*EXERCISE*
Produce as output only the lines below starting at the line with "Mug Métal Émaillé" and continuing through the line with "Yugioh Gorz the", each one exactly as written.

*MATERIAL PROVIDED*
BEGIN

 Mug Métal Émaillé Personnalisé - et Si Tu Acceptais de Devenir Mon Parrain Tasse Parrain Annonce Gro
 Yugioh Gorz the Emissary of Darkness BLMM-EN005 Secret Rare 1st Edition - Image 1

END
BEGIN

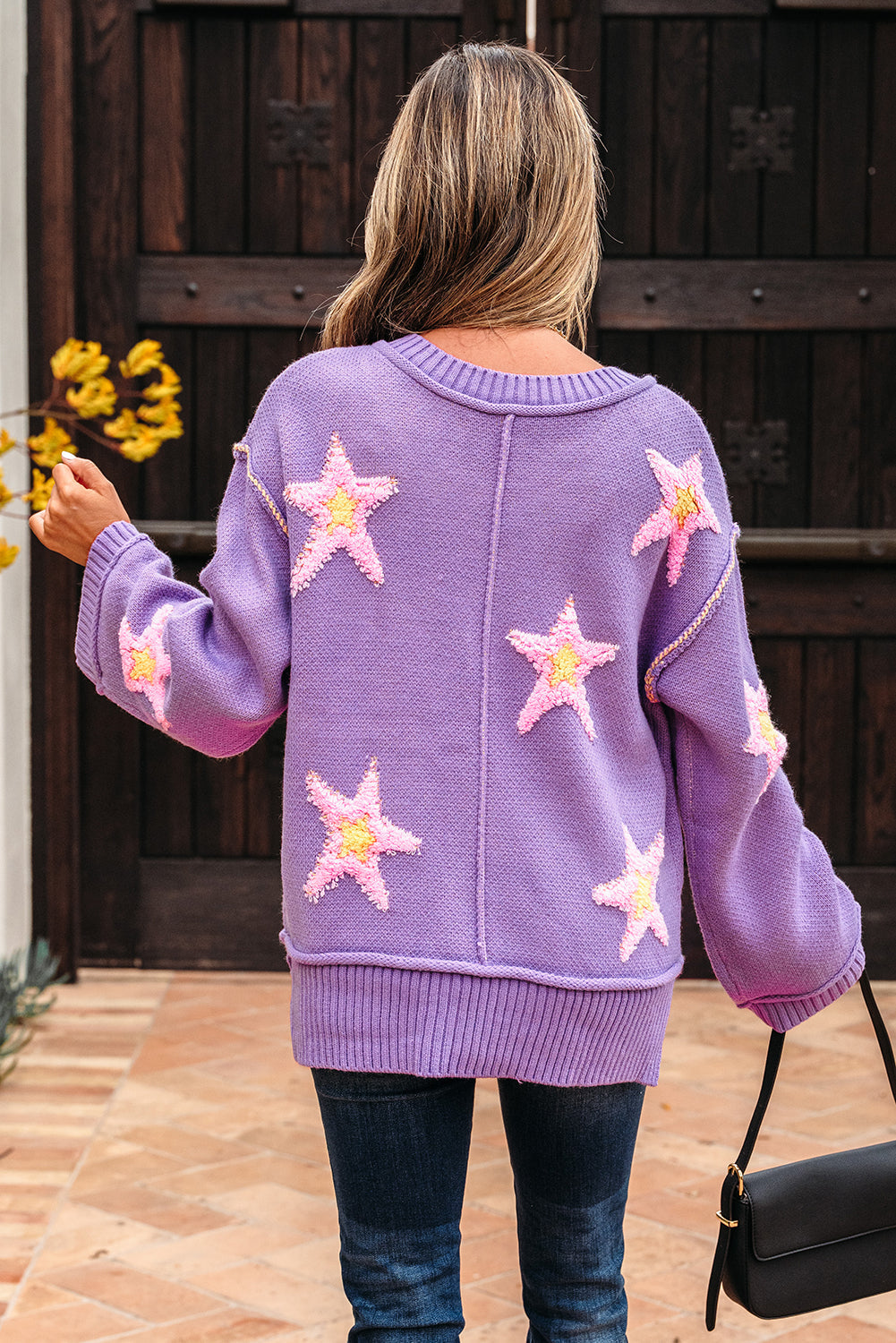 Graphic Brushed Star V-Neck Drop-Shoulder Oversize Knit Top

END
BEGIN

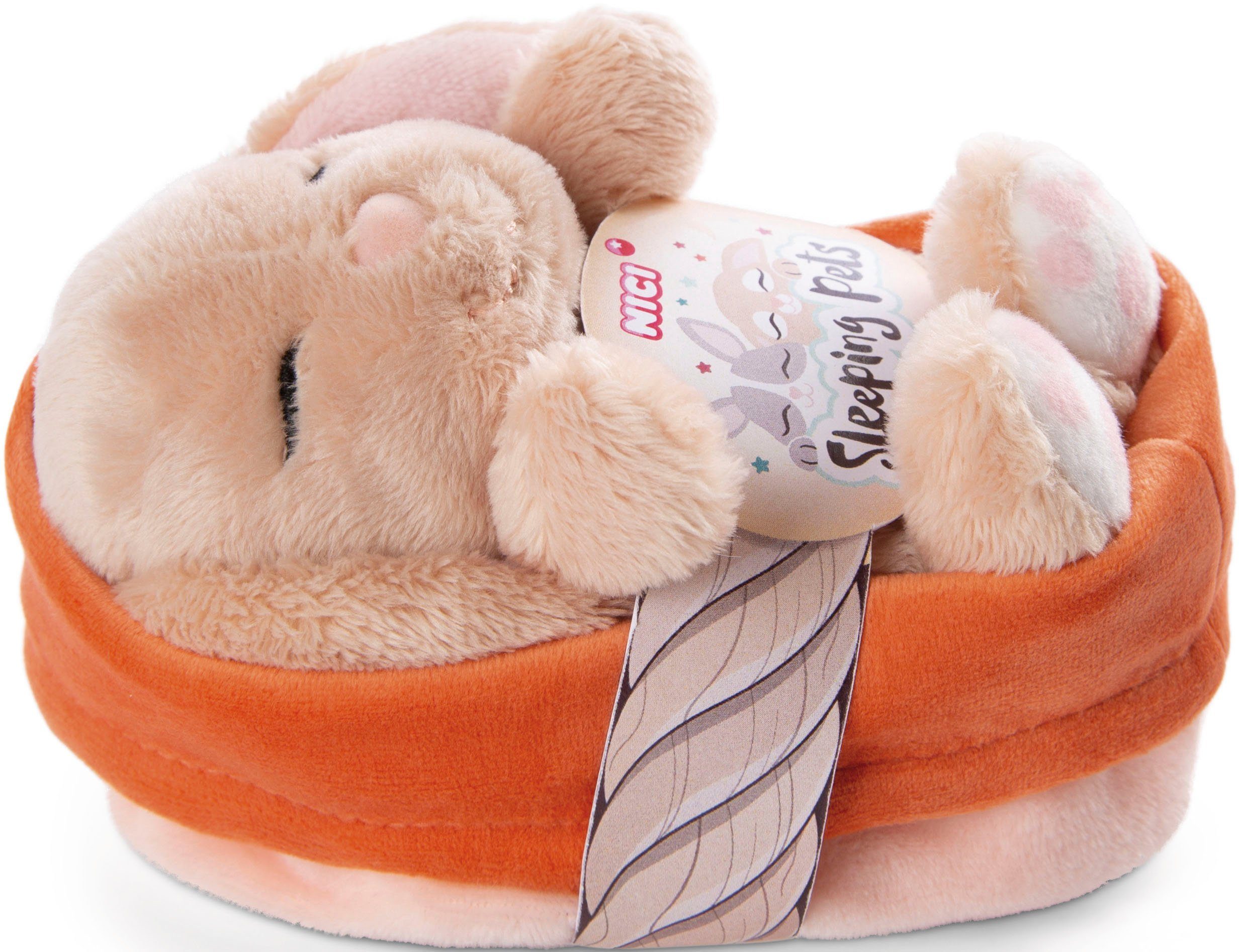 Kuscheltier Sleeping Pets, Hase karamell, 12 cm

END

*FINISHED TASK*
 Mug Métal Émaillé Personnalisé - et Si Tu Acceptais de Devenir Mon Parrain Tasse Parrain Annonce Gro
 Yugioh Gorz the Emissary of Darkness BLMM-EN005 Secret Rare 1st Edition - Image 1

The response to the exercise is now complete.